▸ **EXERCISE**
In the entries below, find the line with "Tate Etc is" and the line with "Hi, BrainTech here"; copy them and every line between them exactly, but not the pictures.

▸ **DATA TO PROCESS**
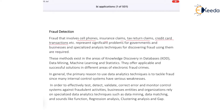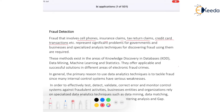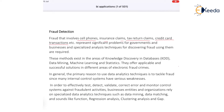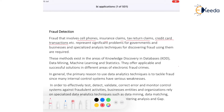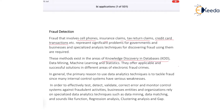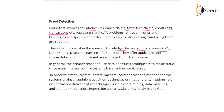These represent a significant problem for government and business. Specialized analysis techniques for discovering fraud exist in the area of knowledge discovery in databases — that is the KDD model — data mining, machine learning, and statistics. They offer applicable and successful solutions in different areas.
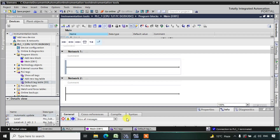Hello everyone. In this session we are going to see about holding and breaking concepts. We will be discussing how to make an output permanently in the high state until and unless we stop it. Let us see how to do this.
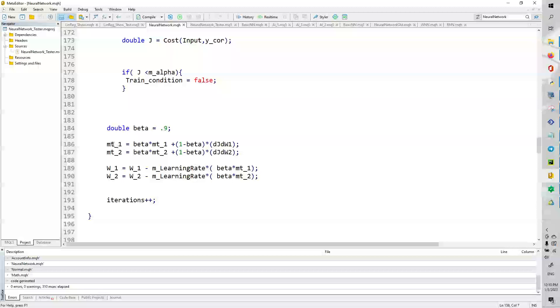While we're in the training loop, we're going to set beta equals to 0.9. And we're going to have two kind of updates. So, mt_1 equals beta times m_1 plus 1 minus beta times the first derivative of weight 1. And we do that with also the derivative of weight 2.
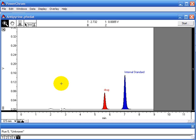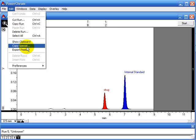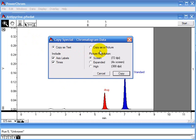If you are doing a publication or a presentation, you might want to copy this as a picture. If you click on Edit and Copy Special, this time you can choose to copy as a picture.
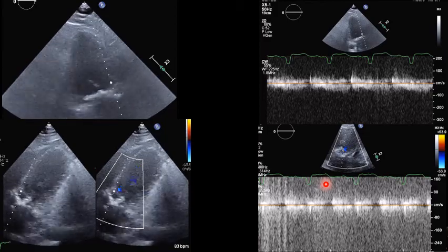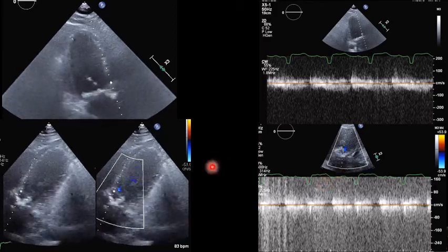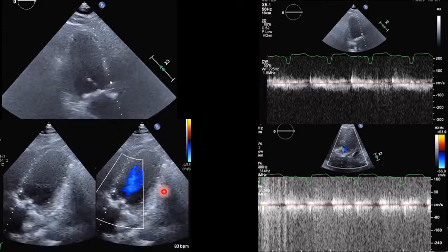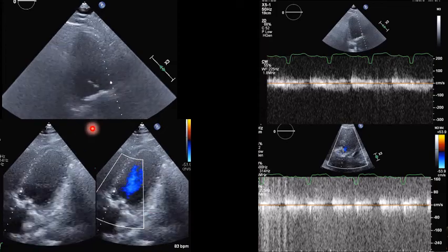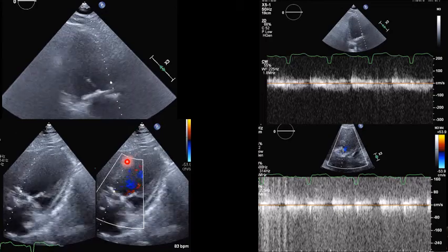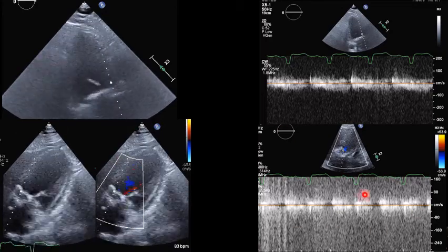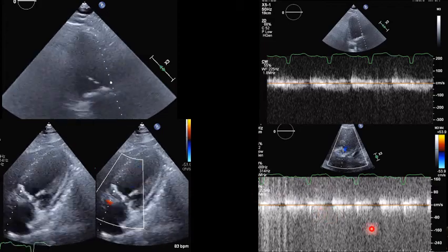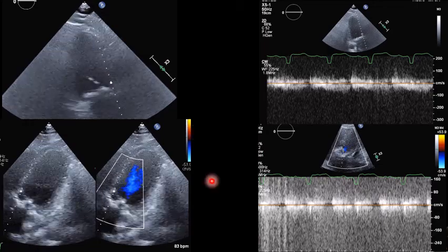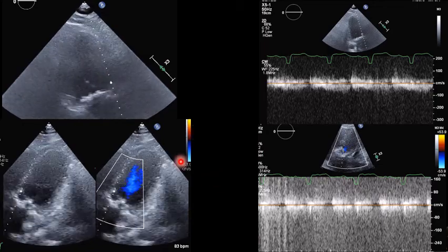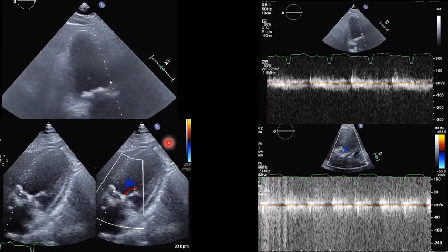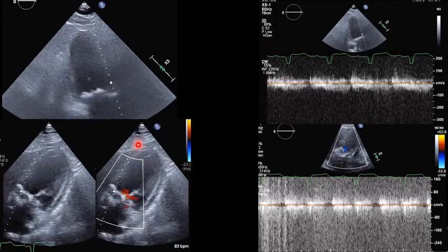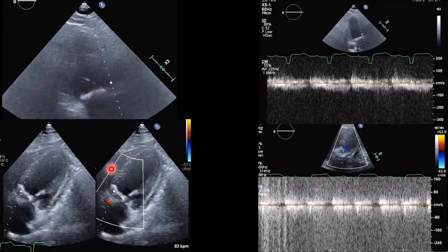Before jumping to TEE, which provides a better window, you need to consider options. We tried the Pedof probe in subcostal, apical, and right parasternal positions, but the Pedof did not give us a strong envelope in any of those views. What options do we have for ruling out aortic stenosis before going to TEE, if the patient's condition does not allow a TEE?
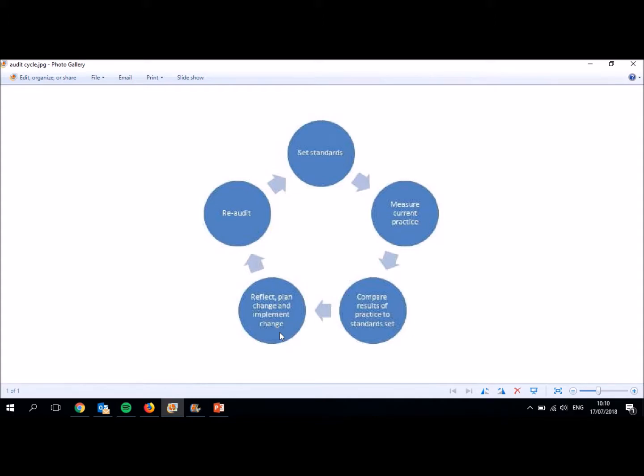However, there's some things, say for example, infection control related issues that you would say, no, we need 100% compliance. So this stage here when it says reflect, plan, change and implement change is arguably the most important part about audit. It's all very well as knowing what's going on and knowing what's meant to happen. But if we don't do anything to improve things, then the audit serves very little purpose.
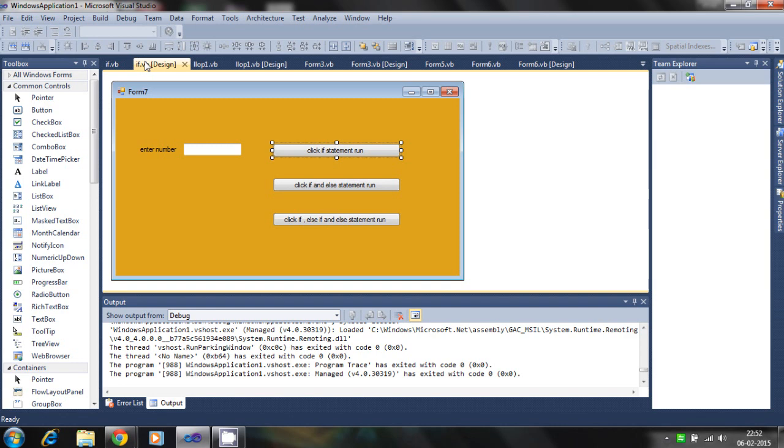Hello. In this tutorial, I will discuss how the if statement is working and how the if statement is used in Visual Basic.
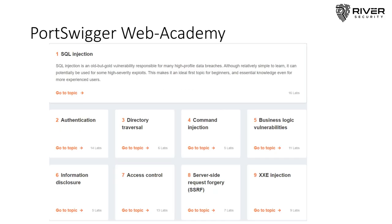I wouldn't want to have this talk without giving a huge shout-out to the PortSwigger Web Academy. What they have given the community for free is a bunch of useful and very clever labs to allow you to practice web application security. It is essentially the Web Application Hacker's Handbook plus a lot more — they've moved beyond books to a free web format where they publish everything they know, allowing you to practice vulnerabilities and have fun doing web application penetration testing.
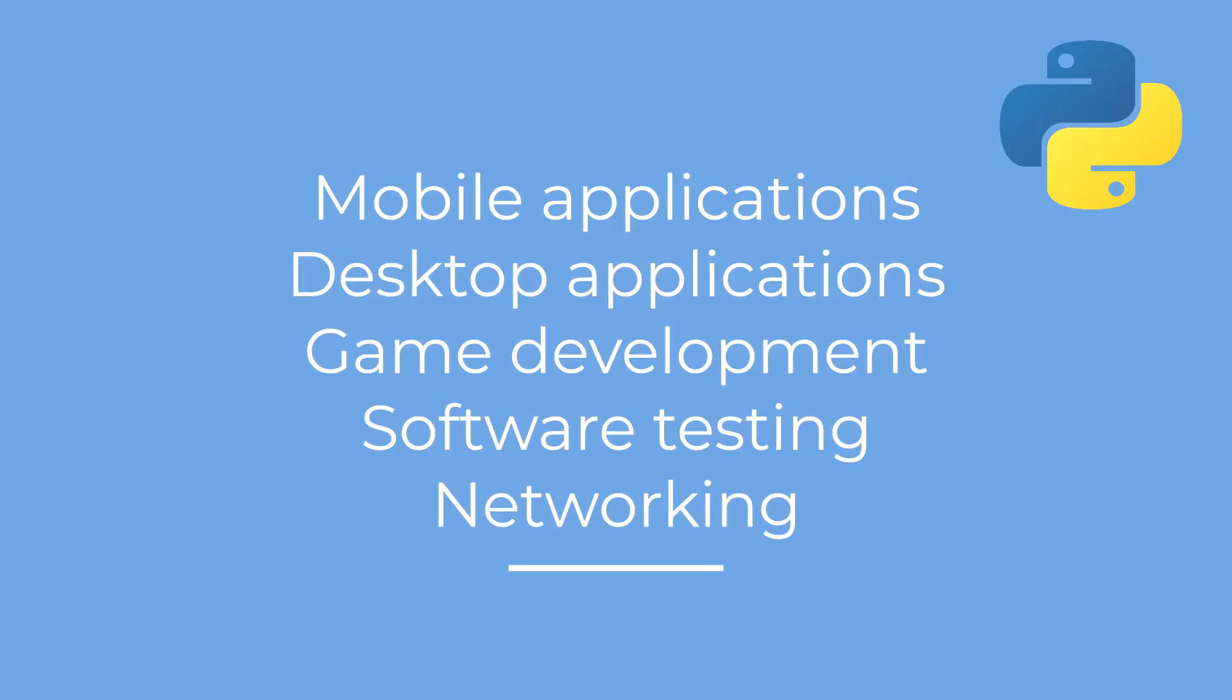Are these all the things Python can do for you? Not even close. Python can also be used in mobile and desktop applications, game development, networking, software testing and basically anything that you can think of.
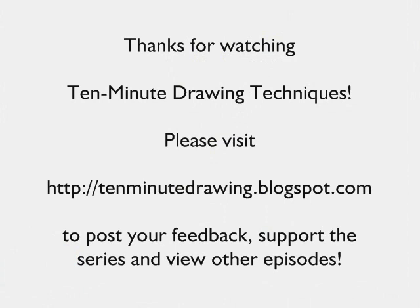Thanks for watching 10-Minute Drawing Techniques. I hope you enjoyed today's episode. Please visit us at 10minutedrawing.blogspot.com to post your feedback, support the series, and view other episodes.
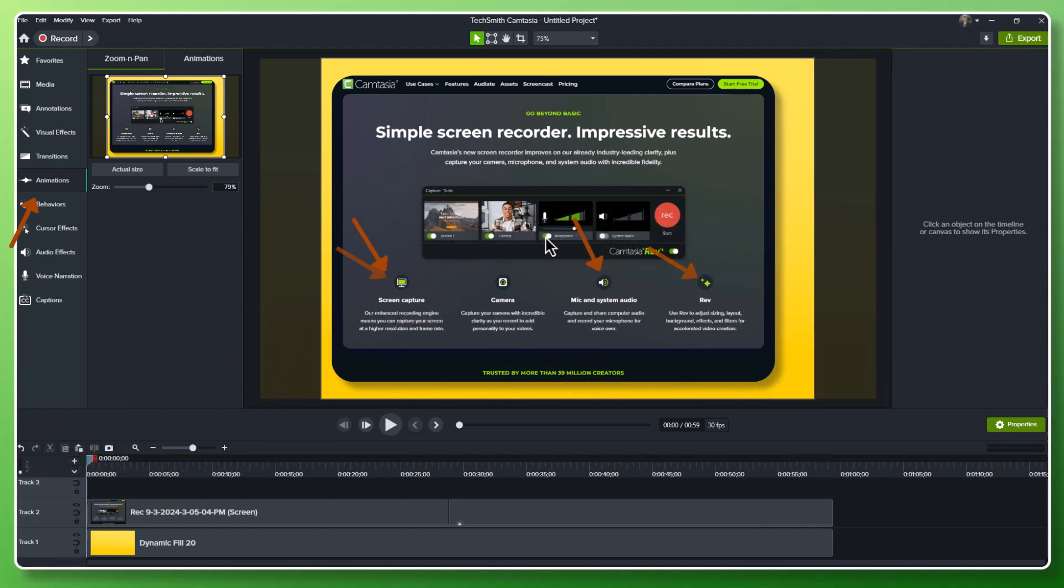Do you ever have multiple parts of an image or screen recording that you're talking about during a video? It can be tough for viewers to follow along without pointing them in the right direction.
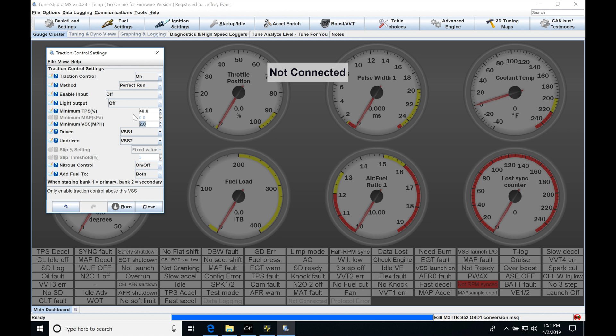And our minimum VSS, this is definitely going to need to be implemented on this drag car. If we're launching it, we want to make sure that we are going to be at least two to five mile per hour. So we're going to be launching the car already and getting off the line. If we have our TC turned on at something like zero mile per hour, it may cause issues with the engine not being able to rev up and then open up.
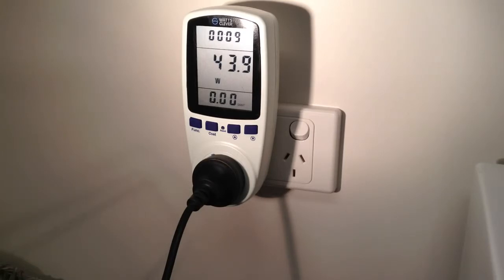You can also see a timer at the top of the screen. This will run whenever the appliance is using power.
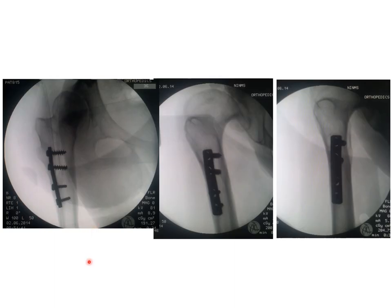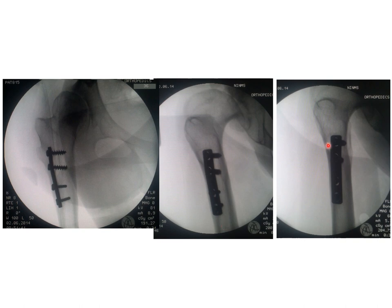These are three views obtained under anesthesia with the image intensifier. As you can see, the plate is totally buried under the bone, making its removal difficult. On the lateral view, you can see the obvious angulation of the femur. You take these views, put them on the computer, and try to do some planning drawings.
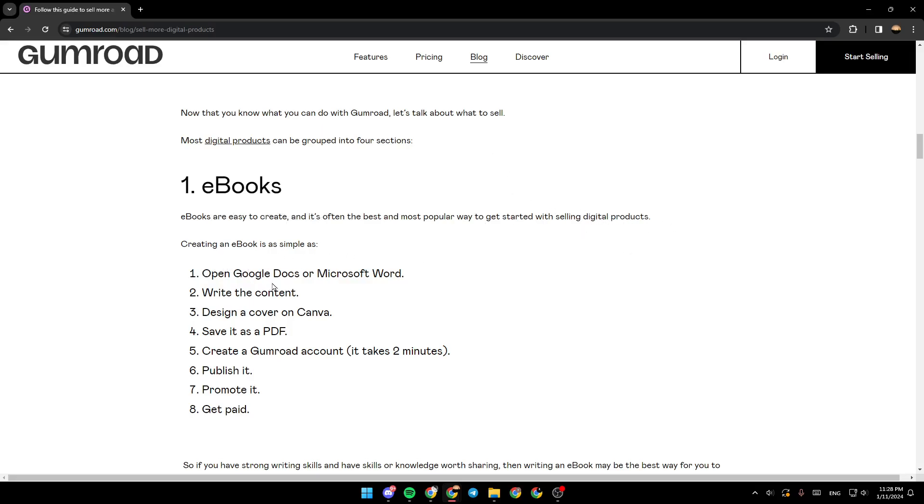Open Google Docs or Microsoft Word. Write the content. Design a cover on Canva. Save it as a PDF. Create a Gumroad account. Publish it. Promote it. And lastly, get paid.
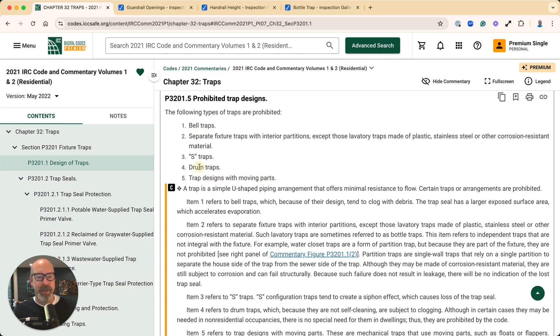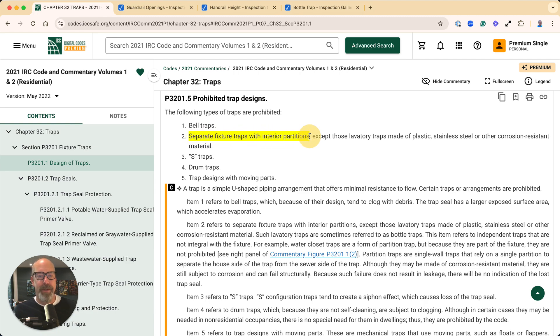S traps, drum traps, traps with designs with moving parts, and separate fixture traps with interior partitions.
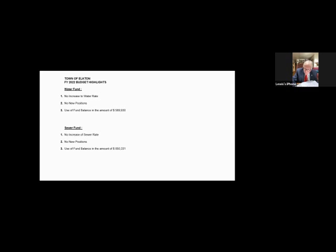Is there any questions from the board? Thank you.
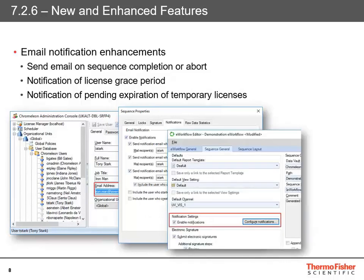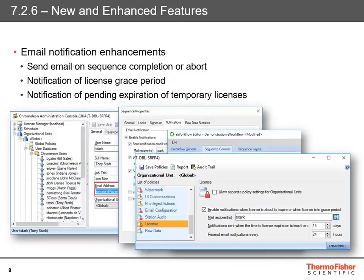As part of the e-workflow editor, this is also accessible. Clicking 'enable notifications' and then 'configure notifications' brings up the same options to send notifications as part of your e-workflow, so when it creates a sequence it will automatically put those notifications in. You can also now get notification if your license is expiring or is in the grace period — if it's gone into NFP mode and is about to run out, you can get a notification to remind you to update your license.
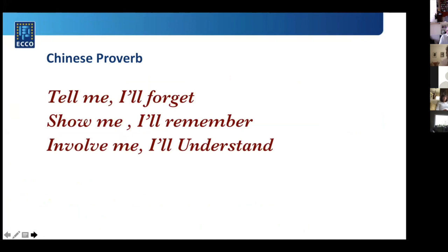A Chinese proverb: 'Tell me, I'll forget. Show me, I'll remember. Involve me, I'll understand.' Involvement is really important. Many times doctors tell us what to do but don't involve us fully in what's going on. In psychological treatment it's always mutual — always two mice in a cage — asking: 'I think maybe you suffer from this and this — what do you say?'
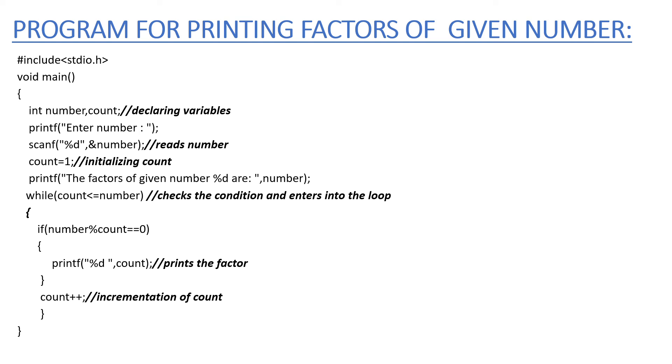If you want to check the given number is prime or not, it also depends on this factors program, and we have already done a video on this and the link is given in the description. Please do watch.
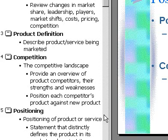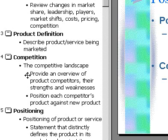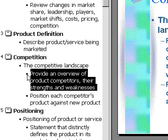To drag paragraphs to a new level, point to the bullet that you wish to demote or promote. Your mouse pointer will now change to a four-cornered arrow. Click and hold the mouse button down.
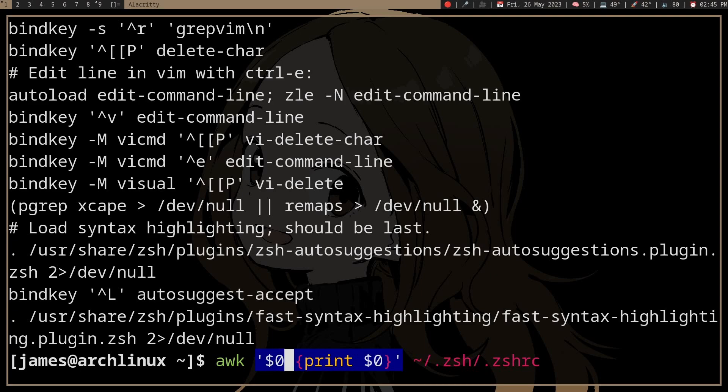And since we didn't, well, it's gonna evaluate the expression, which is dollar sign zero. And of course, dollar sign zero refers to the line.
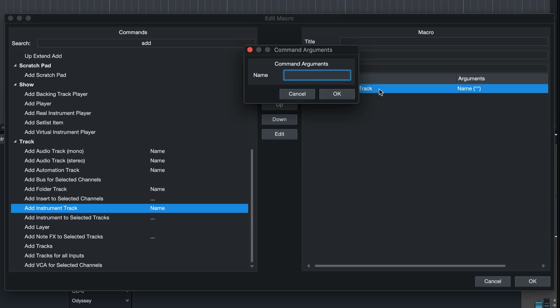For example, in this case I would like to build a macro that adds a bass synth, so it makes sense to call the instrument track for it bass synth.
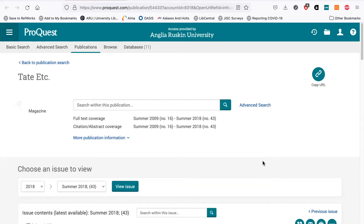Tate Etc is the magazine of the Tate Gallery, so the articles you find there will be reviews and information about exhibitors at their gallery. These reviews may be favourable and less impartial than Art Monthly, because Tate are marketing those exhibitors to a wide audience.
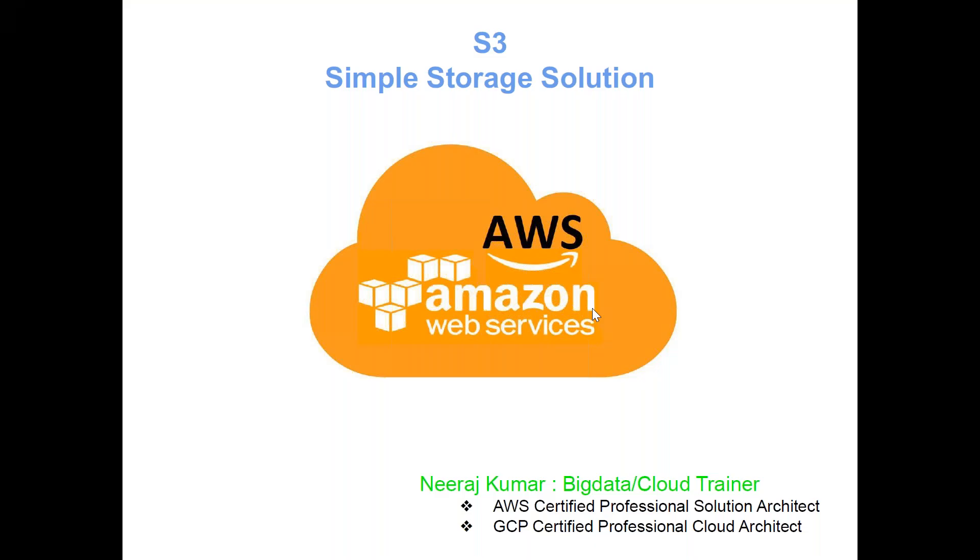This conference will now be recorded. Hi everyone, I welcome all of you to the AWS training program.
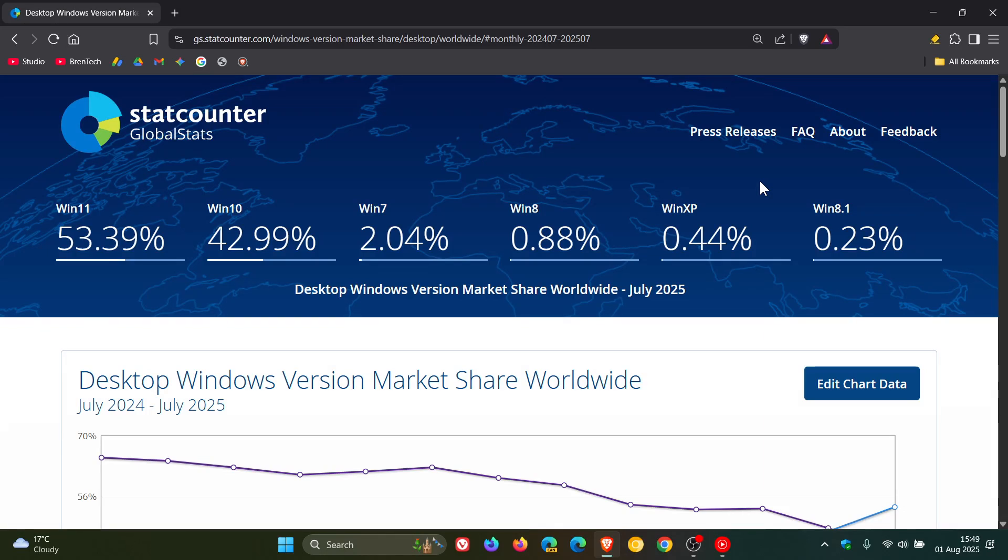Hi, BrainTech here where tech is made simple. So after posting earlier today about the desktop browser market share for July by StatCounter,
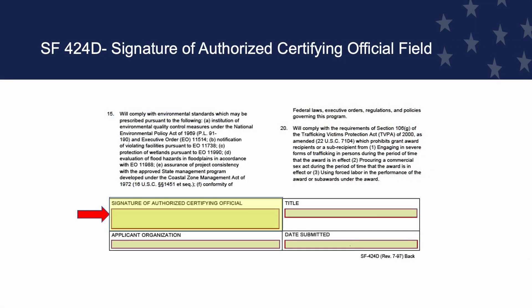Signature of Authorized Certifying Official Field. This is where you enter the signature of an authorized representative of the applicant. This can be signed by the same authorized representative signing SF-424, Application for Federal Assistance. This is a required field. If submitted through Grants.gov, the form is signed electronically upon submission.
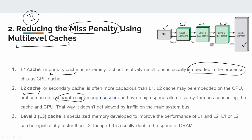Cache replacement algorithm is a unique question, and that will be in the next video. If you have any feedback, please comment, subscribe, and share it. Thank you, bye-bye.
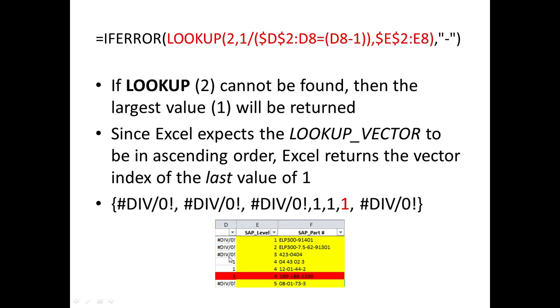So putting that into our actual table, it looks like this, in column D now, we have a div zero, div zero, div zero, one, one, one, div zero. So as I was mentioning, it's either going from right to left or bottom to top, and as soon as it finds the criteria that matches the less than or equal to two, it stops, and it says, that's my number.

▸ **RESPONSE AREA**
Tate Etc is the magazine of the Tate Gallery, so the articles you find there will be reviews and information about exhibitors at their gallery. These reviews may be favourable and less impartial than Art Monthly, because Tate are marketing those exhibitors to a wide audience.
This conference will now be recorded. Hi everyone, I welcome all of you to the AWS training program.
Hi, BrainTech here where tech is made simple. So after posting earlier today about the desktop browser market share for July by StatCounter,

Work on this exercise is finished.